With just over a week to go until the deadline for 2020 submissions (Sunday 31 January and NOT A SECOND LATER, you hear us?) design projects from all over Ireland and from Irish designers overseas are beginning to come in thick and fast. Hitting a stumbling block with your own submission? Here are some of our Frequently Asked Questions that might help you out...
Am I eligible to submit?
If you are a designer, of any nationality, living and working in Ireland, or an Irish designer living and working anywhere else in the world and you're working in the broad field of communication design, you are eligible to submit. If you are a student you might be eligible to submit, but that depends on the work in question. More on that below...
Is my work eligible?
If you answered yes to one of the above and you have published professional work between 1 January and 31 December 2020 that can be considered as communication design (that's graphic, print, digital, branding, identity, motion, insert subcategory here...), then yes, send it this way.
I made the work in 2020 but the client didn't publish it until 2021: can I submit that?
If the work wasn't made public in 2020, hold onto it until next year's round of submissions.
I missed a previous year's call for entries: can I submit old work?
While you can't submit work for consideration for an already published Archive Selection, premium designers and workplaces can submit old (legacy) projects to be assessed by our Professional Panel. Legacy projects approved by the panel will then be visible in Projects and on your profile. Might be handy.
Is student work eligible?
Work made for a college brief and assessed is not eligible for entry to the 100 Archive. So if you got a mark for it, we're afraid we won't accept it. However, there are a few scenarios where a student can submit work they've made. One is a college brief for a public or commercial client which was NOT assessed or marked. Another example is work which you developed during your time in college which you then published or made commercially available subsequent to your studies, such as a typeface you designed in college which you put on sale afterwards. The last example is where you might happen to be a student but you're also working commercially or making work purely for public consumption alongside your studies. So that work you did for a client or a mate made public in 2020 is fair game.
How do I submit? Do I email it to you or what?
Submissions can only be made through this site. You need to join the site and when you're signed into your account, navigate to 'Projects' and hit the 'Submit to the 2020 Archive' button. Once you've drafted a submission, you'll be prompted to buy a subscription or a one-time submission credit. Most submitters will buy either a premium designer subscription (€120 to submit loads of projects) or credits (€30 per project) in order to make submissions.

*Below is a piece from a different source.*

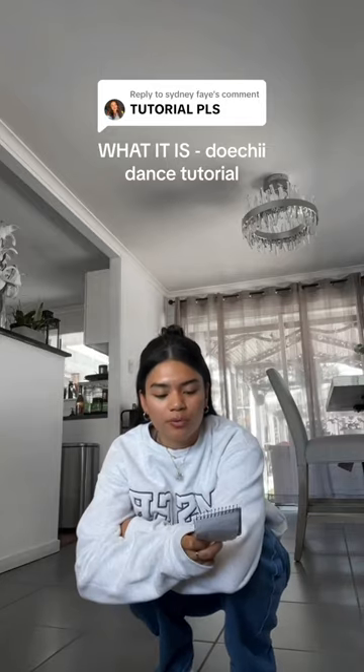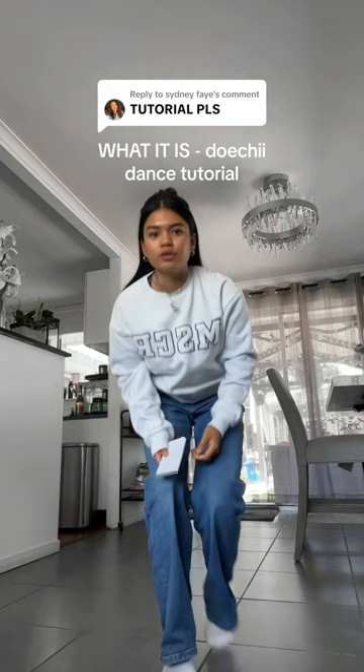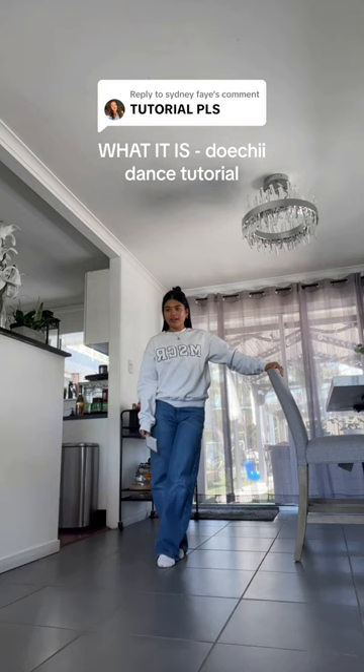Hello guys, I just woke up from a nap, so excuse me. I hope you've been well, I hope you guys have been dancing today. We're gonna learn 'What It Is' by Dochi — you guys received my take on it quite well, so thank you.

If you're in a studio with a lot to submit and you want to share the load among a number of designers, grab a premium workplace subscription for €360.

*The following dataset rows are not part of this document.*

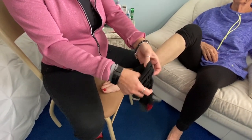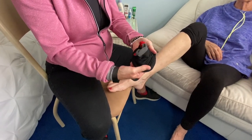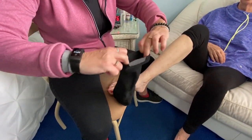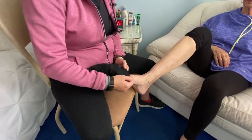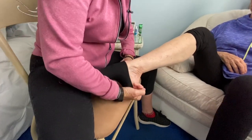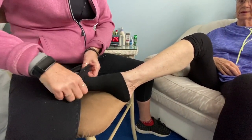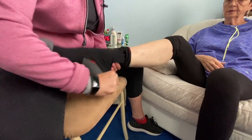So, you roll the sock like so, all the way to the heel. Once you get to the heel, you flip it inside out — it's kind of like a little sock puppet. You slip the sock onto the foot, covering the heel, and then just work the rest of the sock all the way up the leg.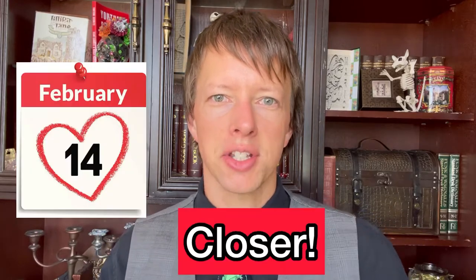Valentine's Day is getting closer, which is why I'm going to show how to make your very own Be Mine book art for Valentine's Day.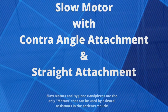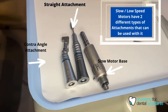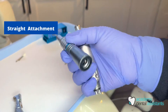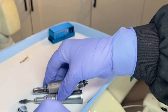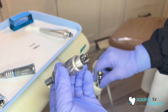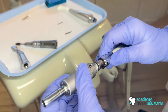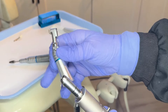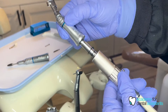This is the motor itself, this is the straight attachment, and this is the contra angle attachment. They have openings in the bottom that snap onto each piece. You first want to connect the slow motor to the dental unit by lining up the holes and twisting and locking it in place. You then take the attachment — this is the contra angle attachment — and snap it in place.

What do I need to provide in a submission?
To submit a project you need to supply max. six images or gifs, a video link if relevant (more info on your visuals below), a URL ONLY if the project is or contains a website and a short description of the who, what, when, how and why of the project. Make sure your description tells us how the project came about and your approach to creating it. Make sure we can tell, aside from what the project looks like in your visuals, what's smart, novel, inventive etc about your work. Did it fulfill the brief and does the client love it? Is it particularly relevant to where we are in 2020? Is it unique, and if so, how? Ensure all those involved are happy for you to submit the work and credit all those involved in the appropriate fields: fellow designers, other collaborators and suppliers and the client.
How does the anonymity work when you're asking me for credits? Do I add those in now or later?
When submitting a project, include all designers involved in the project, including yourself, in the Designers section of the upload page. Include the studio in the Workplaces section, if relevant, and include a credit for anyone and everyone else involved, if relevant, in the Other Credits section (so client, photographer, researcher, copywriter, developer, illustrator...). During the assessment process all of this information is hidden from the panelists, so none of the grudges we hold can affect your assessment.
However, something you need to be careful with is the description you include of the project. SO MANY TIMES designers include their own names or their studio names in the description, so you need to avoid that! No 'X client approached Y studio when they needed their brand refreshed,' please. PLEASE.
Can I include a web link in my project submission?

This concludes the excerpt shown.